• [TO DO]
Could you print the stretch of lines below from the one with "जानें, घुटने और" through the one with "ネイルネイル ネイルトリートメント Na", exactly as they stand and without any pictures?

--- DATA SECTION Enclosed Below ---

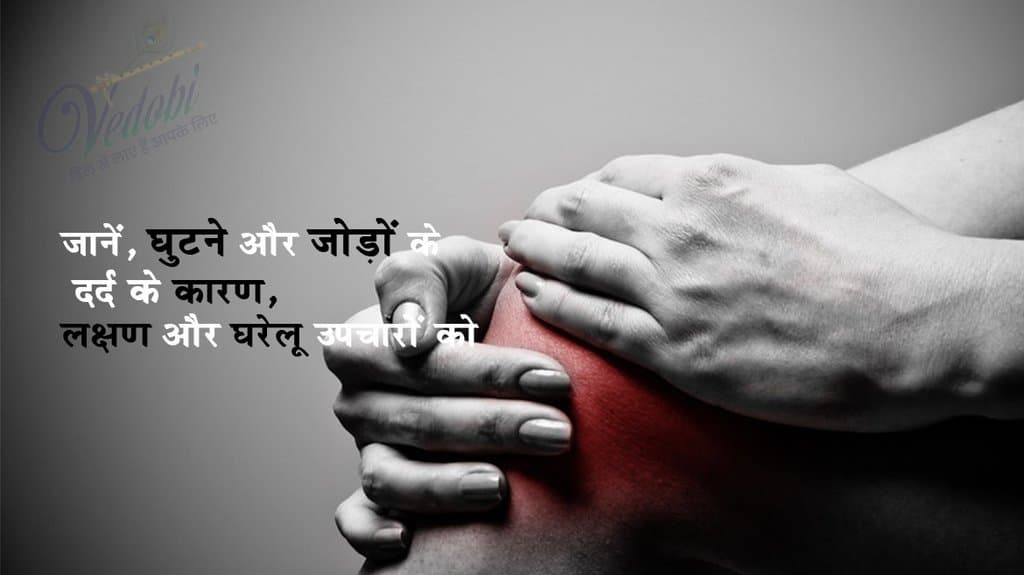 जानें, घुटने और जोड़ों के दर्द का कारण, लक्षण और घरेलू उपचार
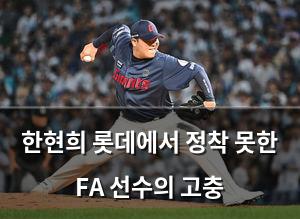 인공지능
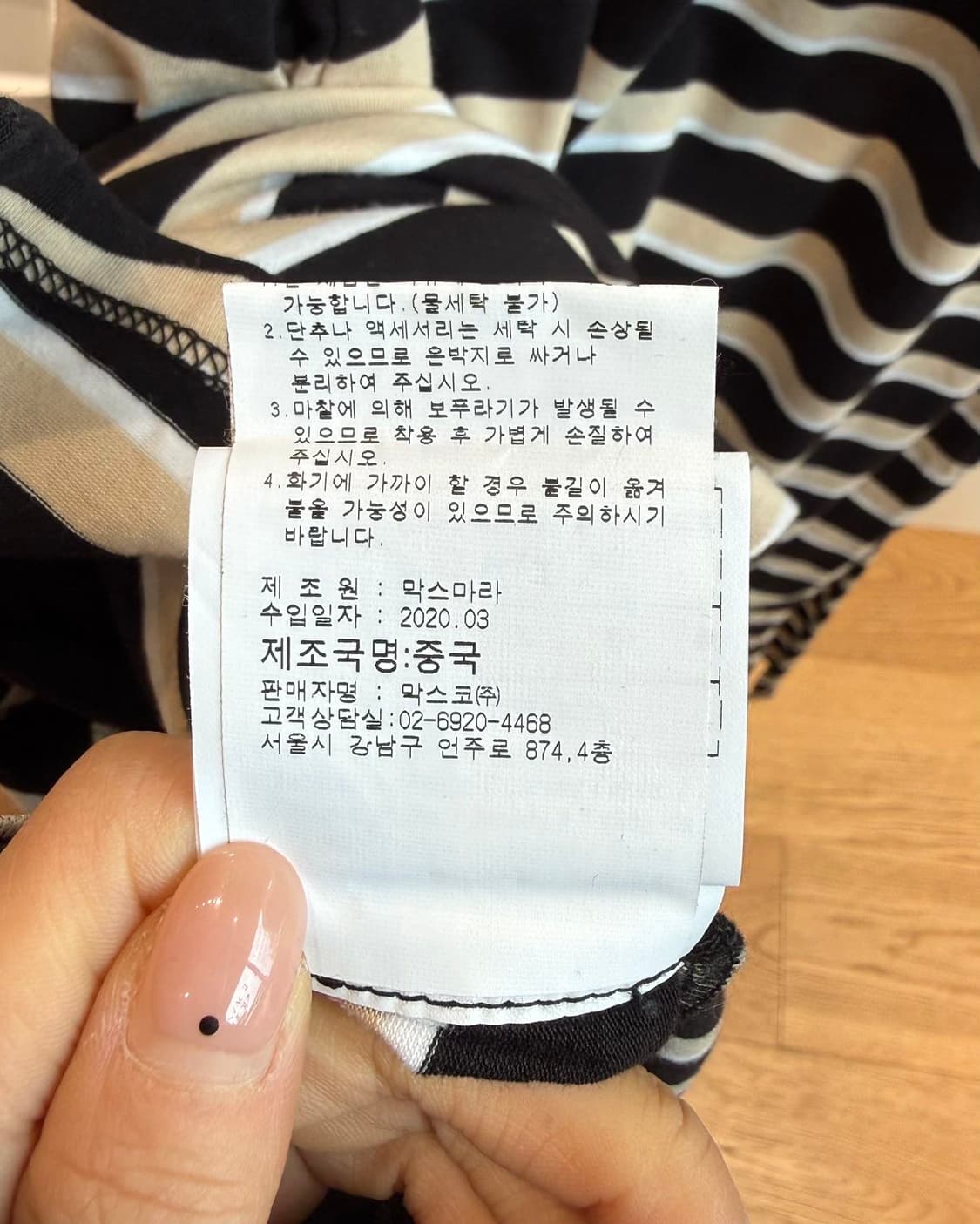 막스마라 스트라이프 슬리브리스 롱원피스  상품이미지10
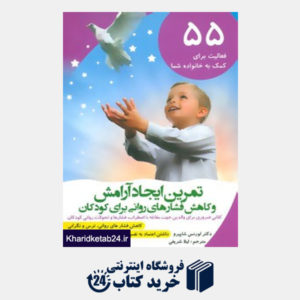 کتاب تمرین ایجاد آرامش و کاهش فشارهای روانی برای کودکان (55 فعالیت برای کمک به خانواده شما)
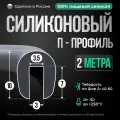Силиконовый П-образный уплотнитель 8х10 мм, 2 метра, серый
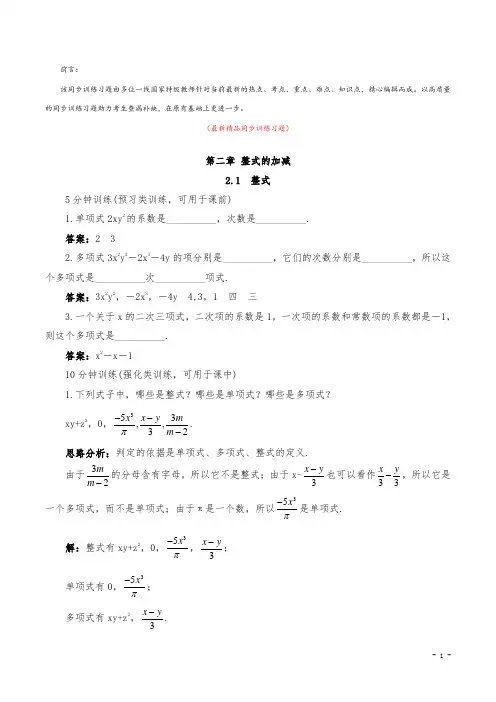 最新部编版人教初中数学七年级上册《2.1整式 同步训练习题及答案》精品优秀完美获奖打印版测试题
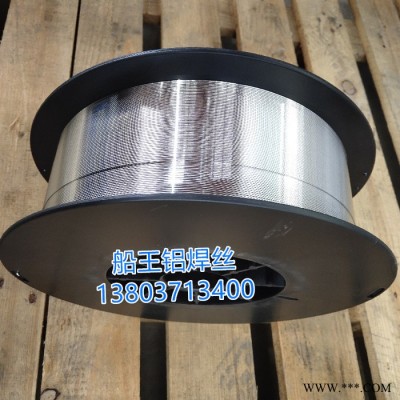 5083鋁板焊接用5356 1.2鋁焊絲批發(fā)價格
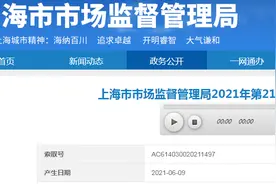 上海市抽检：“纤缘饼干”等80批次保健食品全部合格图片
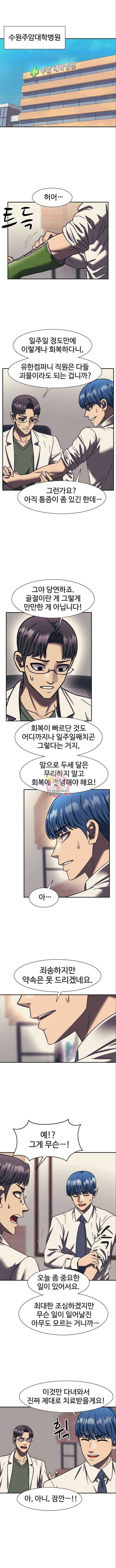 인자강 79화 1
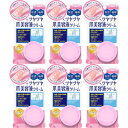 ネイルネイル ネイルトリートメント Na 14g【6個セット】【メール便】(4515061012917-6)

--- End of Enclosed DATA SECTION ---
--- DATA SECTION Enclosed Below ---

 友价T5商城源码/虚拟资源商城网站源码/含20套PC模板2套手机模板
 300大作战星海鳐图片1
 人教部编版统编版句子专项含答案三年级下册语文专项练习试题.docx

--- End of Enclosed DATA SECTION ---

• [ANSWER FOR THIS EXERCISE]
 जानें, घुटने और जोड़ों के दर्द का कारण, लक्षण और घरेलू उपचार
 인공지능
 막스마라 스트라이프 슬리브리스 롱원피스  상품이미지10
 کتاب تمرین ایجاد آرامش و کاهش فشارهای روانی برای کودکان (55 فعالیت برای کمک به خانواده شما)
Силиконовый П-образный уплотнитель 8х10 мм, 2 метра, серый
 最新部编版人教初中数学七年级上册《2.1整式 同步训练习题及答案》精品优秀完美获奖打印版测试题
 5083鋁板焊接用5356 1.2鋁焊絲批發(fā)價格
 上海市抽检：“纤缘饼干”等80批次保健食品全部合格图片
 인자강 79화 1
 ネイルネイル ネイルトリートメント Na 14g【6個セット】【メール便】(4515061012917-6)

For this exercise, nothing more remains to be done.